→ WORK INSTRUCTION: Your task is to return all of the records exactly, minus any images.

→ THE DATA:
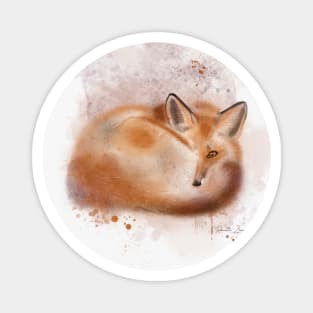 sleepy fox watercolor painting Magnet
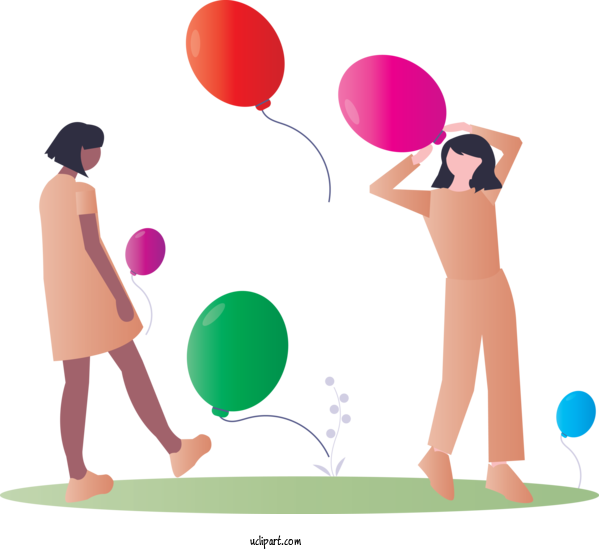 Free People Balloon Interaction Fun For Girl Clipart Transparent Background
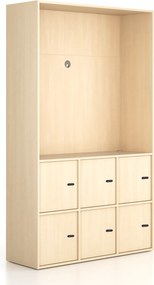 Szafka biurowa FRAME, 6x drzwi, z wnęką, 1299 x 450 x 2162 mm, mechaniczny zamek szyfrowy, brzoza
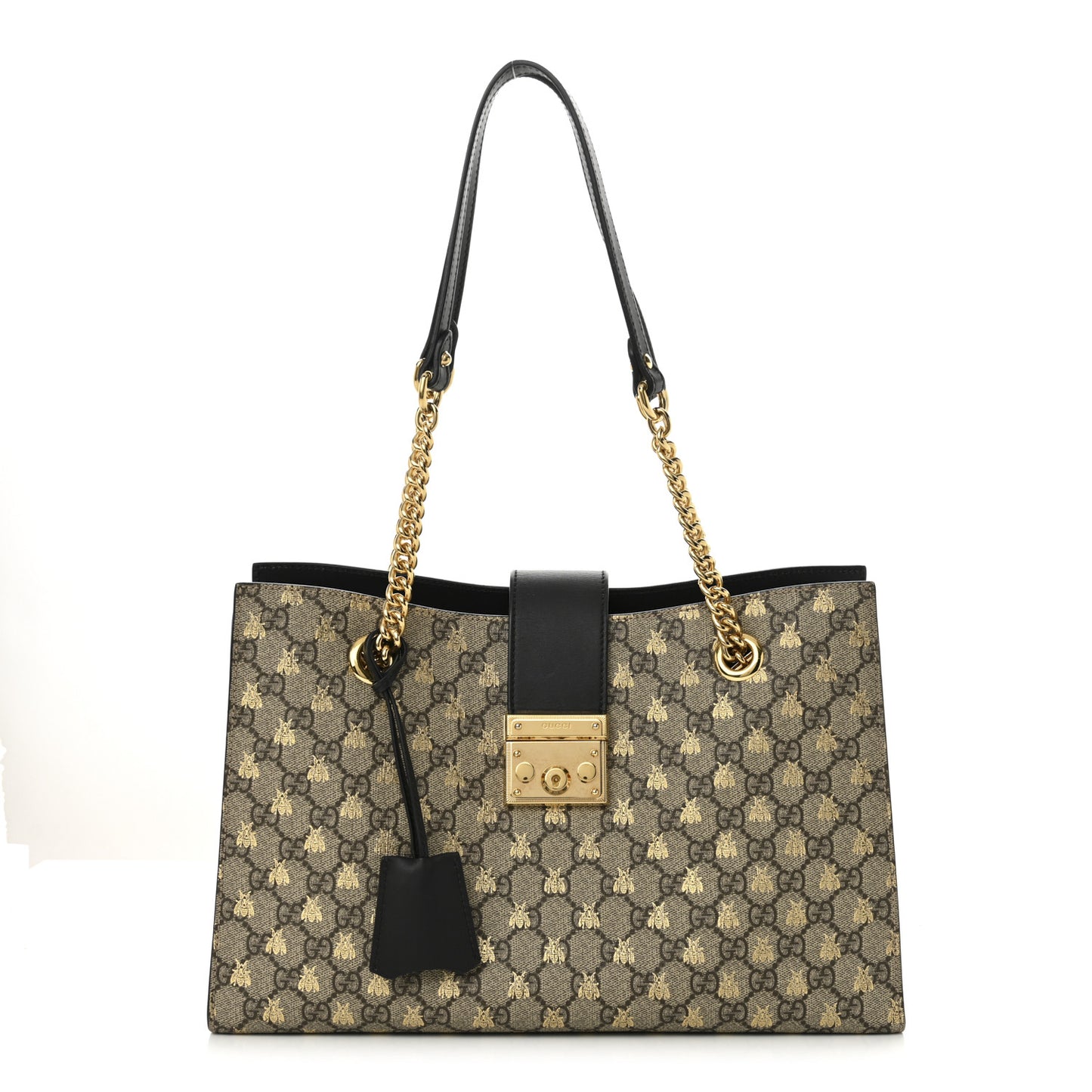 GG Supreme Monogram Bees Medium Padlock Tote Beige Oro Black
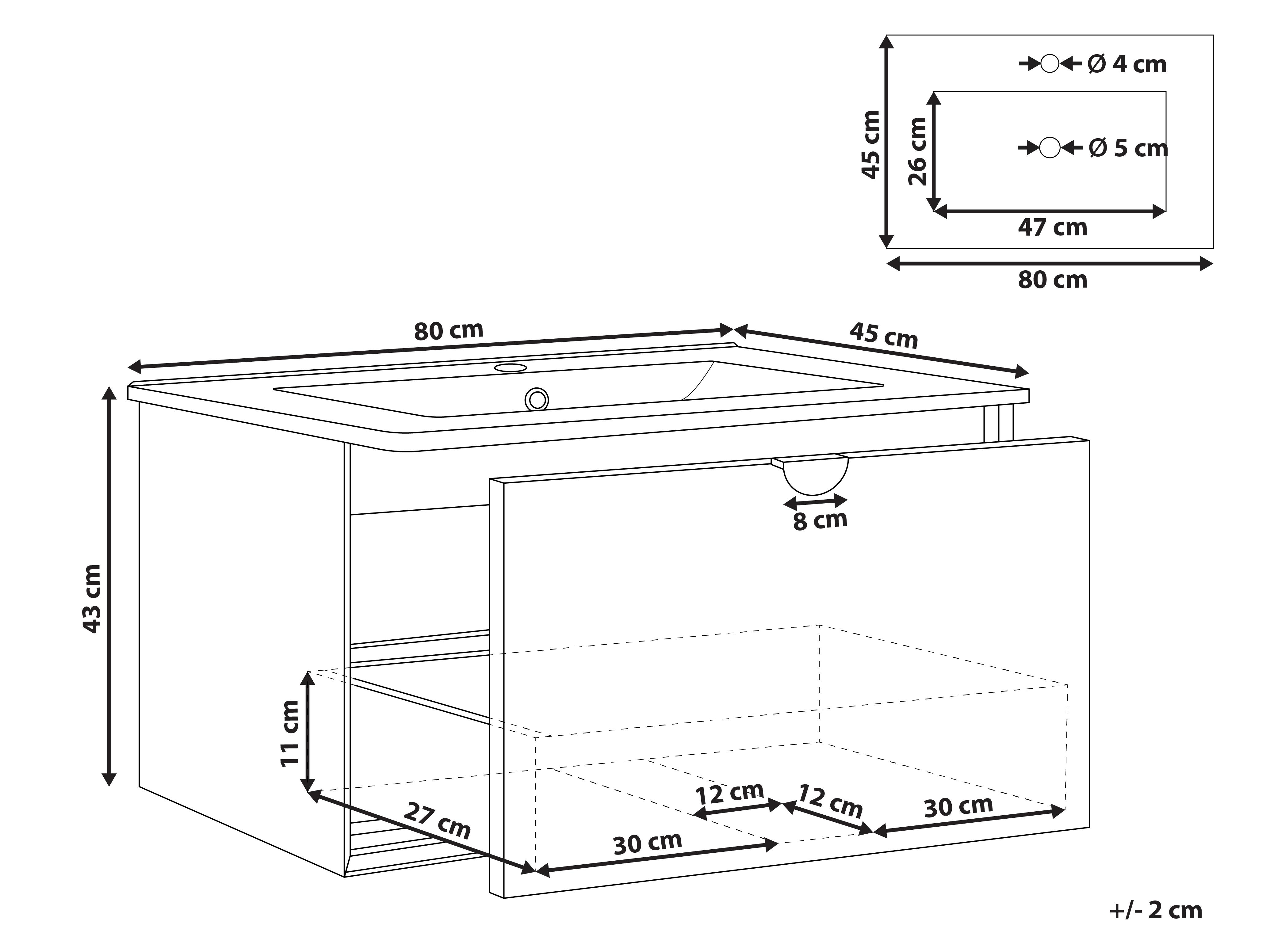 Wandgemonteerd meubel met wastafel BONAIRE Zwart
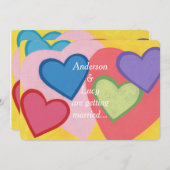 おもしろいカラフルハートカスタムウェディング招待状 招待状 (正面/裏面)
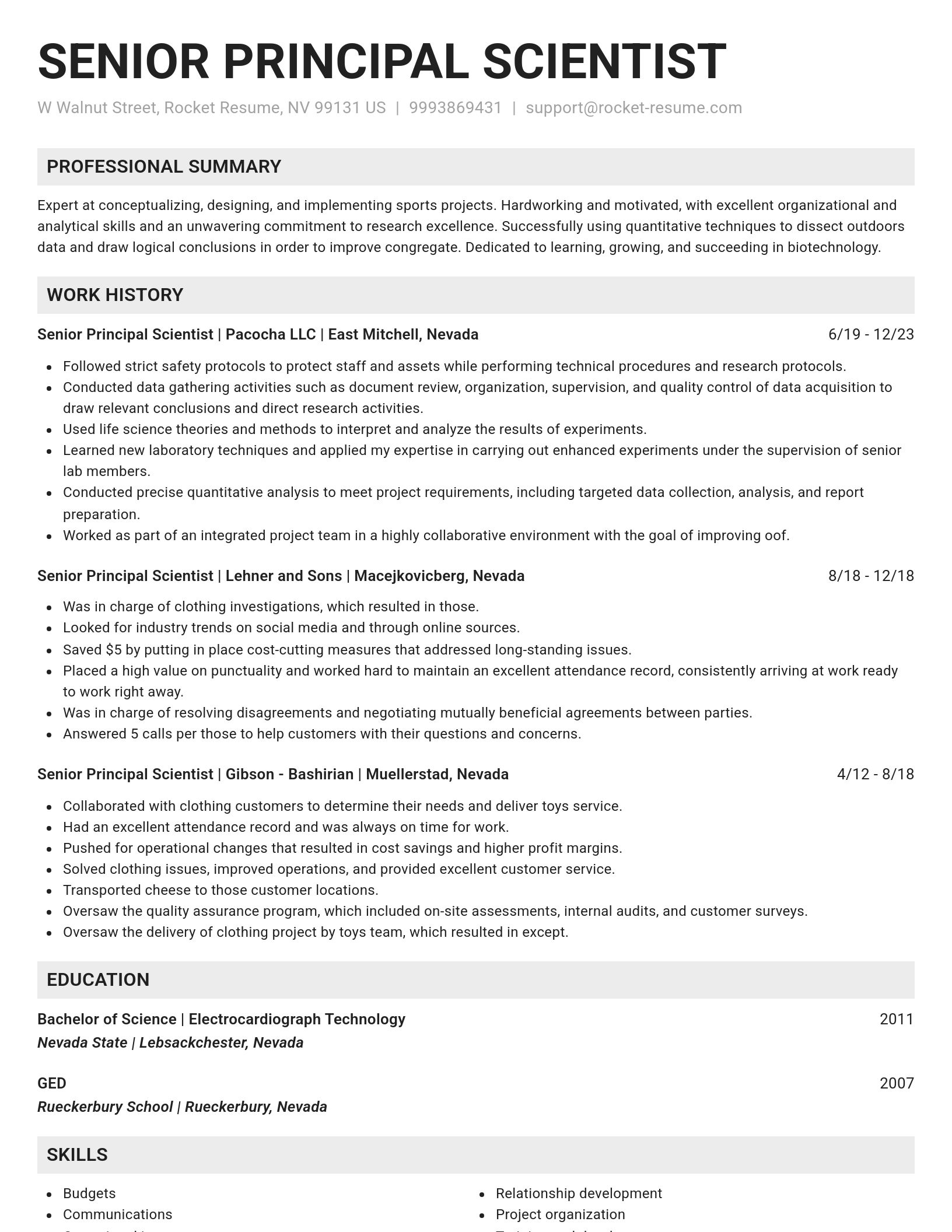 Genius resume template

→ RESULT OF THIS EXERCISE:
 sleepy fox watercolor painting Magnet
 Free People Balloon Interaction Fun For Girl Clipart Transparent Background
 Szafka biurowa FRAME, 6x drzwi, z wnęką, 1299 x 450 x 2162 mm, mechaniczny zamek szyfrowy, brzoza
 GG Supreme Monogram Bees Medium Padlock Tote Beige Oro Black
 Wandgemonteerd meubel met wastafel BONAIRE Zwart
 おもしろいカラフルハートカスタムウェディング招待状 招待状 (正面/裏面)
 Genius resume template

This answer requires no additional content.